Investments in 2012 reached the highest level with 17,5 bill. US$ after 12.3 bill. US$ in 2011 and 4.6 bill. US$ in 2010. For 2013 expenditure in the order of 14 bill. US$ is planned. In the following years, investments will decrease to below 10 bill. US$. The company continues to pursue the goal of owning very high-ranking mines (Fig. 13, Tier 1). The outstanding mine projects currently realized include the Oyu Tolgai copper mine in Mongolia and the expansion of the Pilbara iron ore mine (Fig. 14) in Western Australia. For Phase 1 at Oyu Tolgai, which has now gone into operation, 6.2 bill. US$ were estimated. Pilbara 290 and Pilbara 360, which are increasing the iron ore capacity of Rio Tinto in Pilbara from 237 Mt at present to 290 Mt and 360 Mt annually, have been estimated at 9.7 and 5.5 bill. US$. Other big mining projects are located in Guinea with the Simandou iron ore project and in Mozambique with one coal project .

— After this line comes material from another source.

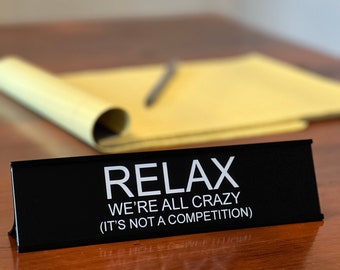 Relax We're All Crazy. It's Not A Competition - Lotsa Laughs Funny Desk Plate Office Decor by Griffco Supply - Affordable, Fun Office Gifts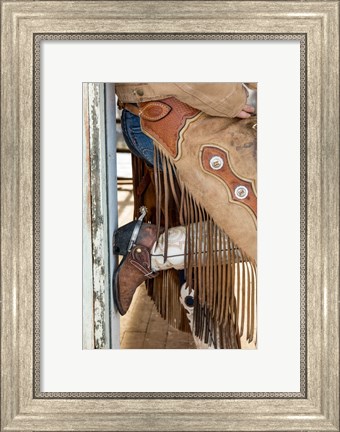 Framed Cowgirl Standing In Doorway Of Old Log Cabin Print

In 2012 Vale generated sales totalling 47 bill. US$, which meant losses of 21.7 % on the previous year. An above-average high share of the losses, 26 %, was reported by the Bulk Materials Division, which at Vale is responsible for the extraction or iron ore, iron ore pellets, manganese and ferroalloys as well as coal. In 2012 this sector still generated 74 % of the sales, the base metals copper and nickel accounted for 15 % while potash and phosphate fertilizers made up 7.5 %. The company’s spending on research and development amounted to 1.1 bill. US$ (Fig. 15). This breaks down into 20 % for improvements to processes and technologies, 44 % for feasibility studies for new projects and 36 % or 0.4 bill. US$ for exploration. The exploration expenditure is just about evenly distributed over the portfolio, copper with 36 % and iron ore with 25 % alone making up 60 %.
In the years from 2009 to 2011 investments were steadily doubled from 9.0 bill. US$ to 18 bill. US$. In 2012, capital expenditure still totalled 17.7 bill. US$, the main shares of 8.5 bill. US$ and 4.2 bill. US$ being consumed for iron ore and base metals respectively. The sustaining CapEx, i.e. capital expenditure to sustain operations, amounted to 5,0 bill. US$ and therefore makes up around 5 % of the Vale assets. Around 50 % of the sustaining capital expenditure is used for replacing equipment. Following many brownfield projects in recent years, Vale is now switching more to greenfield projects as these promise higher profits. By 2017 it wants to achieve a production output of 400 Mt iron ore following 306 Mt in 2013. This is to be realized essentially with the new Carajas and Conceicao projects (Fig. 16). Conseicao is set to generate 12 Mt iron ore with an investment of 1.2 bill. US$. At Carajas, in the first phase of the project, for an investment of 4.1 bill. US$, 40 Mt are to be achieved in the second six months of 2013. The second phase is to increase capacity to 90 Mt in the second half of 2016.
The mining industry surprises with huge investments, hitting the 10 bill. US$ mark for some individual projects or triggering annual investments in the order of 15-20 bill. US$ for individual companies in recent years. Obviously there has been a run on the last world-class mines. The corporate goals and priorities are set out accordingly. On the other hand, the companies have announced substantial cuts in capital expenditure budgets for such projects in the next few years. This may be linked with 2012 showing how just vulnerable the mining industry is and how severely prices can impact profits. But the production figures didn’t even slump in 2012. In the view of the mining industry, this will only happen after 2020. The question is what will happen up until then. With the limited budgets, the run on the world-class mines will probably come to an end.